Hands-on educators lament our over-full slate of early academic demands. In a 2009 survey of 229 kindergarten teachers by Patricia Gallant, Ed.D., at the University of Michigan, almost all said standards were "developmentally inappropriate" for many students. First and second grade writing skills have trickled down to kindergartners, whose curriculum is "too academic" and creates "too much pressure," Gallant found. Kindergarten is indeed the new first grade.
The latest iteration of our academic pushdown, Common Core, only will exacerbate this culture of unreasonable expectations. Developed through a partnership between the National Governors Association and the Council of Chief State School Officers (and adopted by 45 states, including North Carolina), Common Core enumerates -- through standards for every grade -- the "knowledge and skills" kids need to succeed in college and work.
Though well-intentioned, Common Core is deeply problematic. Its implementation -- rolling out as many states face imploding budgets -- may cost states more than $15 billion over the next seven years, according to a 2012 Pioneer Institute report. And it smacks of a mandate: The Obama administration, while insisting Common Core participation is voluntary, nonetheless has tied federal funds to state adoption of the standards.

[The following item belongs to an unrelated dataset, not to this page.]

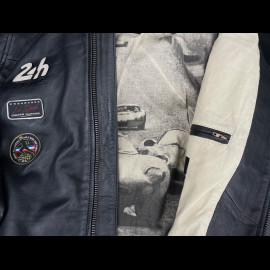 24h le Mans Lederjacke Pierre Schwarz 27928-1504 - herren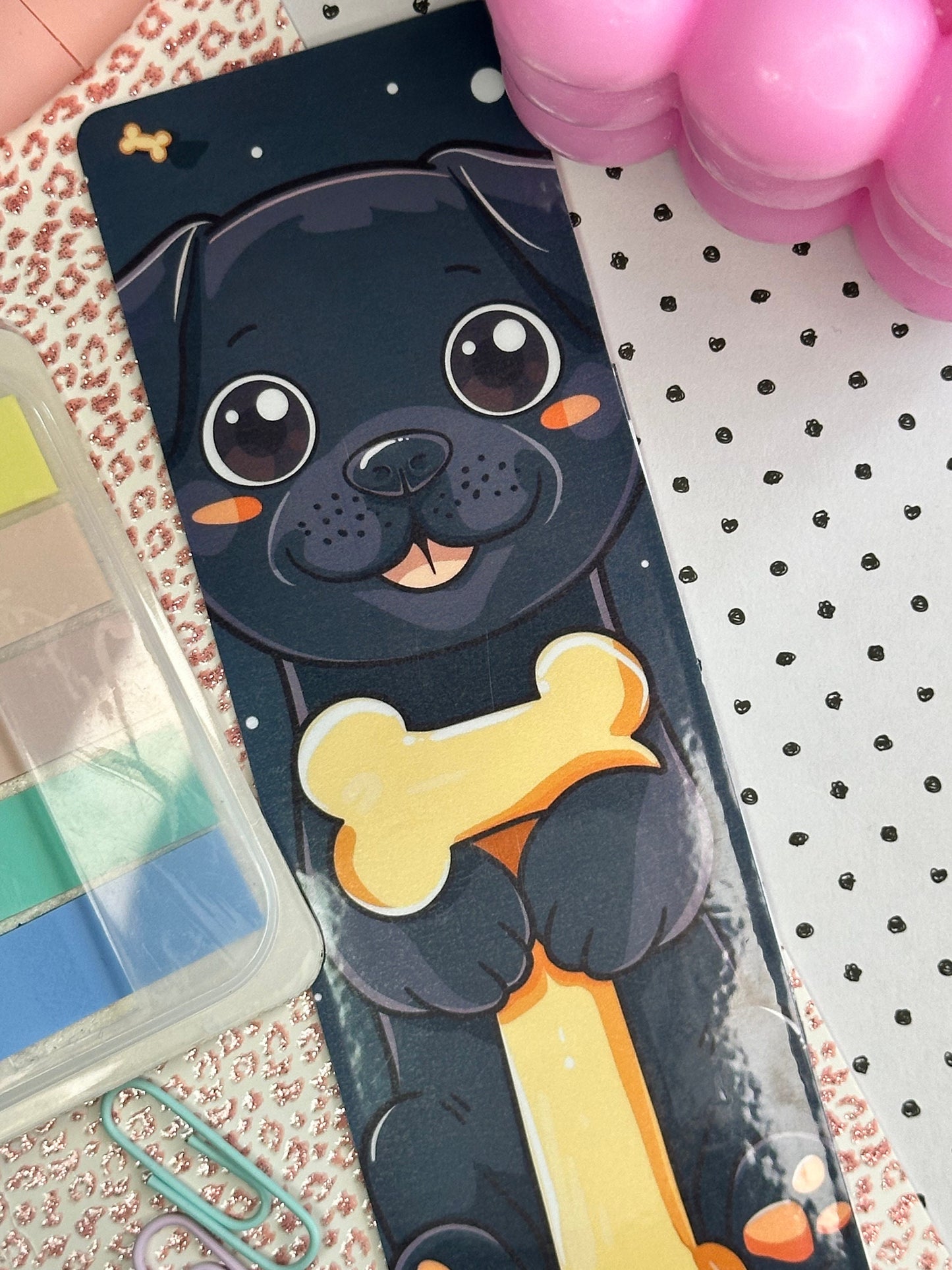 Cute Dog Bookmark | Puppy Bookmark | Stationary Gift | Cute Bookmark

Yet Common Core's greatest impact likely will be on the napping and snacking set. For example, Common Core stipulates that children be able to "read emergent-reader texts with purpose and understanding" by the end of kindergarten.
One first-grade teacher who has taught for 16 years told me that pushing 5-year-olds to read before they're ready is like forcing them to grasp for a rung on a ladder some simply cannot reach. It's a stressful, fragmented approach that leaves kindergartners with little energy for the things they should be doing, such as strengthening the "muscles of the mind."
A bevy of educators would agree. In 2010 hundreds of early childhood health and education professionals signed a joint statement detailing their "grave concerns" that Common Core standards were at odds with research about "how children learn, what they need to learn, and how best to teach them in kindergarten and the early grades." And in a recent Education Week commentary, Joanne Yatvin, past president of the National Council of Teachers of English, wrote that Common Core's standards "overestimate the intellectual, physiological, and emotional development of young children."
Why are we pushing kids so hard, so soon? It's time to halt our kindergarten hustle. Certainly, high standards are an essential component of any reasoned education policy. But when they're crafted without due consideration to the stages and constraints of child development, they do little good -- and a lot of harm. And they set kids up for stress and failure, right when they should be falling in love with learning.
Kristen Blair is a North Carolina Education Alliance fellow.